Natürlich muss ein Film, der von Fußball handelt, auch etwas über die wundersame Kraft dieses Sports erzählen, sonst könnte man es gleich lassen. Auch deshalb haben manche Kritiker der Geschichte vorgeworfen, sie sehe aus, als hätten der DFB und Philipp Lahm gemeinsam am Drehbuch rumgedoktert. Genauso gut könnte man behaupten, der deutsche Schwulenverband habe einst "Der bewegte Mann" in Auftrag gegeben. "Der ganz große Traum" handelt vielmehr von einer Handvoll Jungs, die Drill, Trillerpfeife und Peitsche im Schulwesen der Kaiserzeit gewohnt sind und zum ersten Mal so etwas wie Spaß in der Schule empfinden. Beim gemeinsamen Schießen auf ein Tor. Ganz nebenbei, spielend im wahrsten Sinne des Wortes, lernen sie englische Wörter.

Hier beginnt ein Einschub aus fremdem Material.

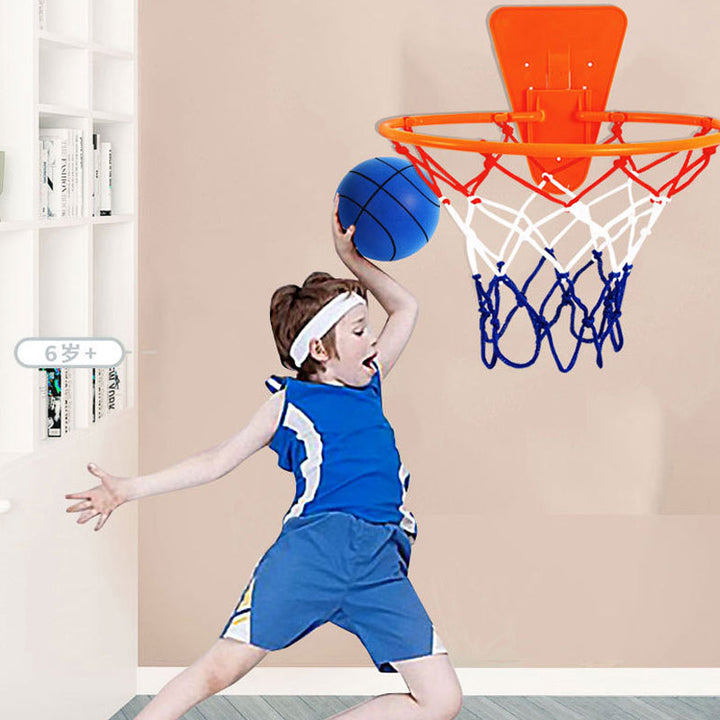 Baloncesto silencioso de espuma de PU para niños – Silento
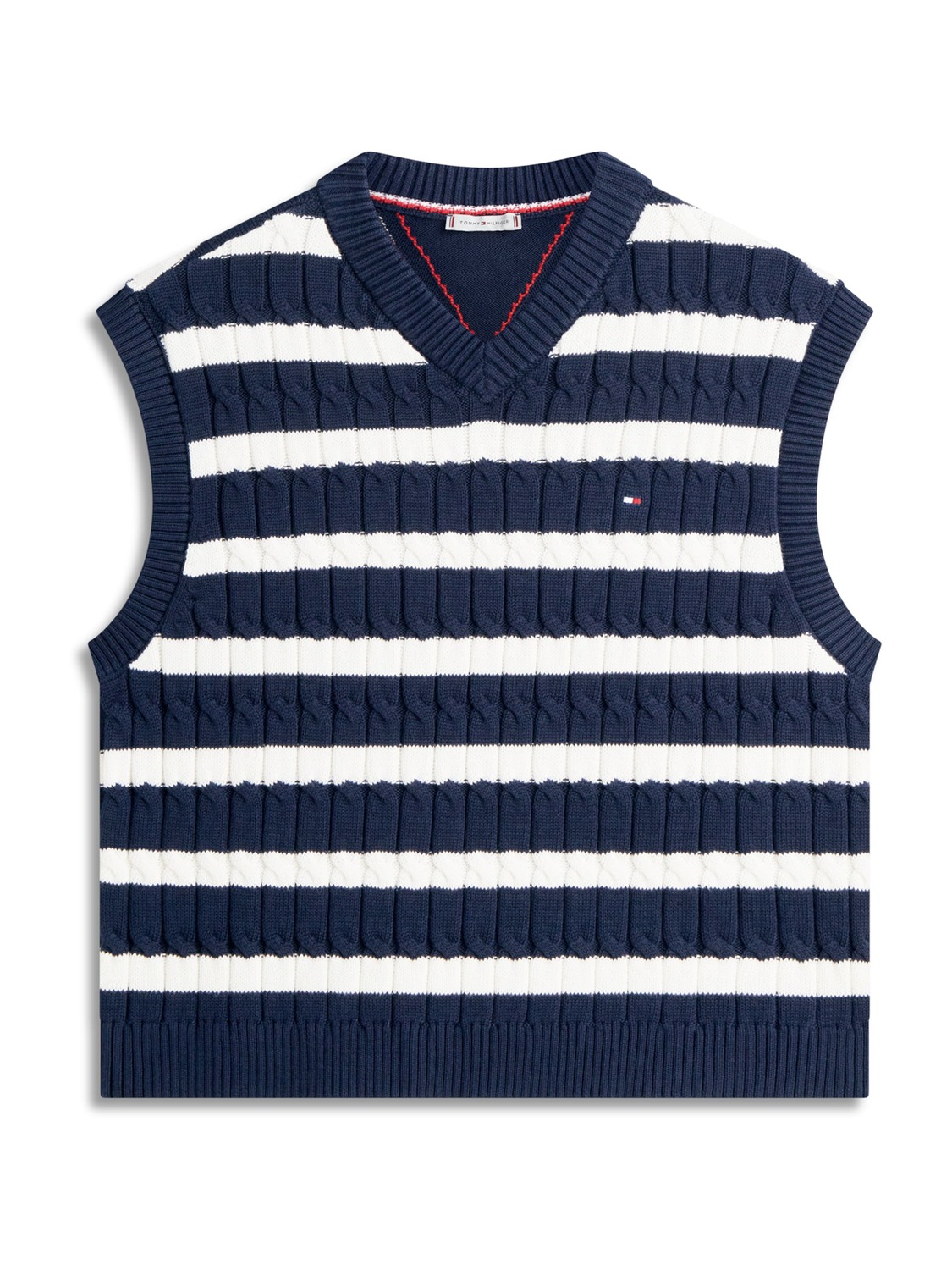 TOMMY HILFIGER Свитер в цвете Navy
TOMMY HILFIGER Свитер в цвете Navy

Konrad Koch hat es tatsächlich gegeben, seine Biografie ist im Film allerdings stark zurechtgebogen (was absolut erlaubt ist). Regisseur Grobler setzt in seinem Kinodebüt, das nun erstmals im Fernsehen zu sehen ist, auf wenig subtile, dafür umso eingängigere Gut-gegen-Böse-Mentalität und den Seelenbalsam, der entsteht, wenn eine Gruppe Menschen in vereinter Stärke Widerstände überwindet. Thomas Thieme und Justus von Dohnányi spielen herrlich fiese Vertreter der alten Lehrergarde, die den Fußball, den neuen Lehrer sowie alle Schüler aus prekären Verhältnissen am liebsten auf den Mond schießen würden. Burghart Klaußner ist der Schuldirektor mit Gerechtigkeitssinn, der einzige Verbündete, den der Außenseiter Koch an dem humanistischen Knabengymnasium auf seiner Seite hat. Den Triumphzug des Fußballs aber, den kann keiner mehr aufhalten.